According to Ivar's first wife, Maggie, during the late Depression her husband worked hard at finding a place in radio. However, his radio career was launched on luck in 1940, when Ivar answered an emergency call from radio interviewer Morrie Alhadeff (1914-1994) to fill in for a guest who had canceled. Ivar went on the air and sang some of the shanties he had written out and attached to the appropriate tanks in his aquarium.

Ivar's appeal is readily apparent in surviving tapes of those early shows. His voice was pleasing and clear and his stories between songs confident and homespun. He sounded like a real folk singer, and his reputation as Puget Sound's principal champion of regional folk music was mightily advanced by radio. When Pete Seeger (b. 1919) and Woody Guthrie (1912-1967) came through town in the early 1940s they stayed with Ivar and Margaret in their West Seattle home. Years later Ivar would recall how he taught Pete Seeger the "Old Settler's Song." On his part, Seeger remembered teaching it to Ivar. Whichever, the opening stanza became Ivar's theme song on radio and on placemats, and also the source of the name for his Pier 54 restaurant. The first stanza concludes:

"No longer the slave of ambition
I laugh at the world and its shams
As I think of my happy condition
Surrounded by acres of clams."

 Enter Mate Salty

In the 1950s, Ivar became a regular on KOMO TV's award-winning children's program, playing the role of First Mate Salty to Don McCune's (1918-1993) Captain Puget. McCune's polished charm and vibrating baritone matched nicely with Ivar's now-vibrating tenor and excited story-telling.

Ivar the folk singer belonged to both the American Federation of Television and Radio Artists and the Musician's Association of Seattle, Local 76. "This lets me play the guitar legitimately -- ­ not well, but legitimately."

The Great Syrup Spill

Most of Ivar's pranks and promotions were designed, but one of his best came by way of good fortune and artful timing. The luck: a coupling to a tank-car hose broke and squirted a thousand gallons of syrup onto the railroad tracks across Alaskan Way from Acres of Clams. The art: Ivar rushed to the spill with a big spoon and joyfully scooped the free sweetener onto a plateful of pancakes he had hastily prepared in the Acres' kitchen. The internationally distributed wire picture of Ivar bent with a spoon over the spilled syrup described him as the "crown prince of corn."

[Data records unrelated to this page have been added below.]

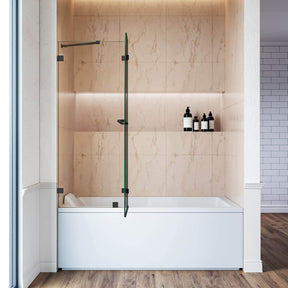 SUNNY SHOWER 48" x 58" Black Finish Bathtub Shower Door & Frameless Hinged Door for tub
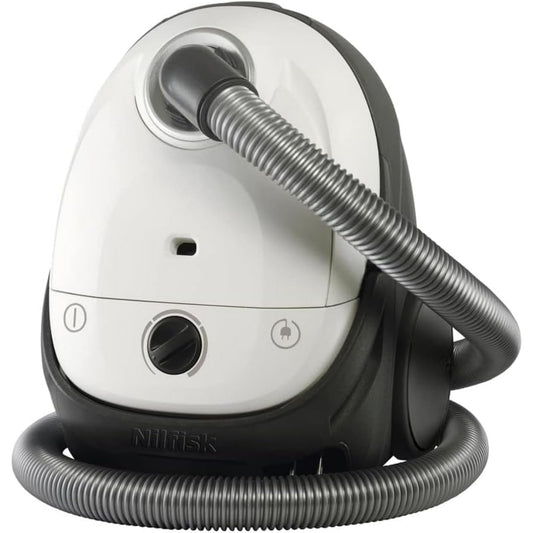 Aspirateur de sol sur roues associant l'entretien des sols au coloris blanc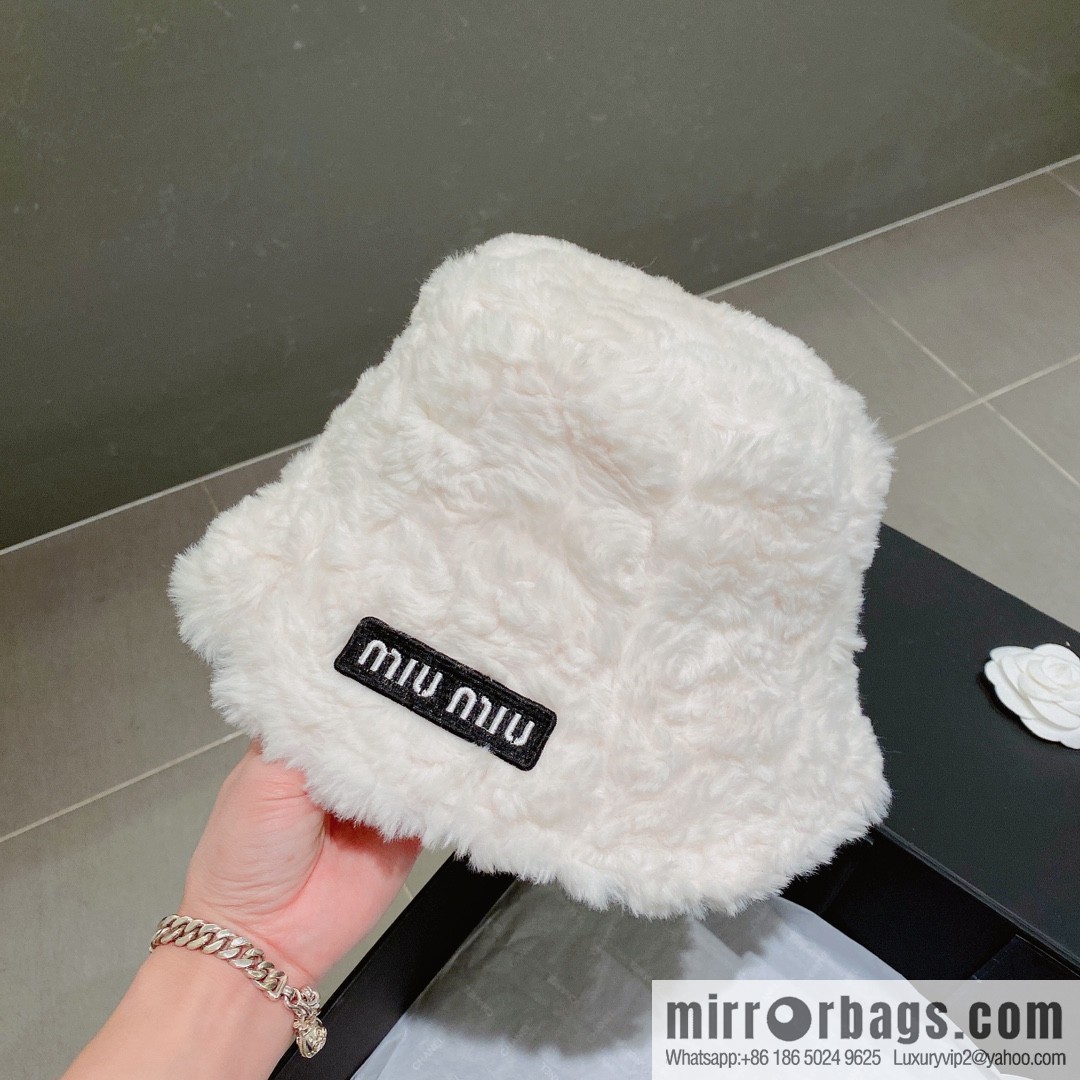 Miumiu 2022 autumn and winter new rabbit fur bucket hat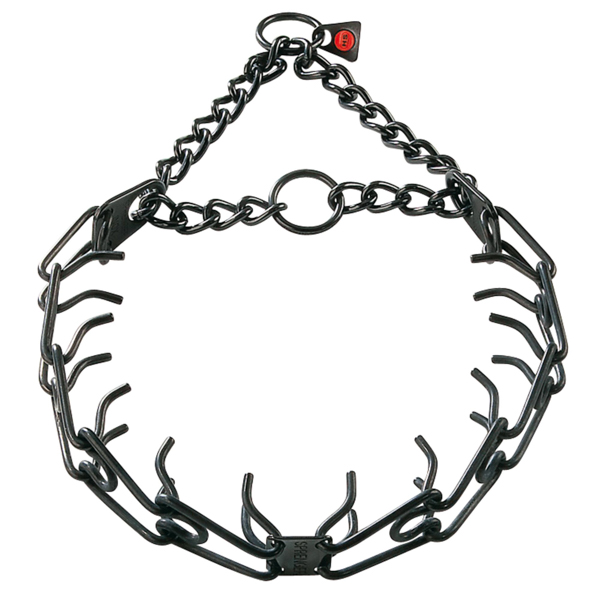 Pinch collar of black stainless steel for badly behaved dogs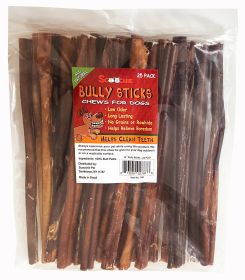 25 Pack 12 Inch Bully Stick in Zip Lock Bag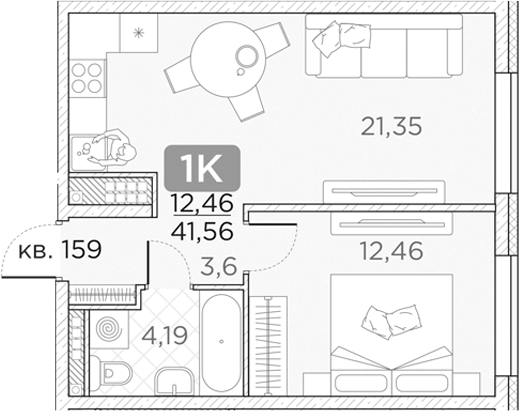 Планировка — Гильдия, 1-комн., 42 м²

Soon a kind of Ivar hysteria took hold of local wits and publicists operating out of bars and newsrooms. Some worked for a fee, others for free and for the chance to be joined with the opportunist who had wrestled with the "Great Syrup Spill of 1947." Twice the editors of The Seattle Times put a stop on Ivar stories, but to no avail. The copy was too good to be surrendered to coverage by the Post-Intelligencer or the Seattle Star.

Let Them Eat Clams

Guy Williams, an old college chum and one of Ivar’s inspired heyday publicists, thought up the Pacific International Free Style Amateur Clam Eating Contest Association. Next the idea was honed collectively by the wits encircling the round table in the Round Table Room of the Washington Press Club, who designated their 197 members as vice-presidents of the PIFSACECA and named Ivar executive-secretary. The contest rules covered timing -- 10 minute rounds, a description of what counted as an eaten clam --­ "A clam cannot be both in the mouth and out of it!" ­-- a waiving of rights --­ "All contestants and judges must signify the willingness to submit to the saliva test and the lie detector!" ­-- and an ethical review -- ­ "Any contestant or judge bringing ill repute or question to any contest or the PIFSACECA shall be dealt with in a manner to bring him ignominious humiliation. This should be sufficient warning to would-be fixers and cheap tinhorn gamblers!"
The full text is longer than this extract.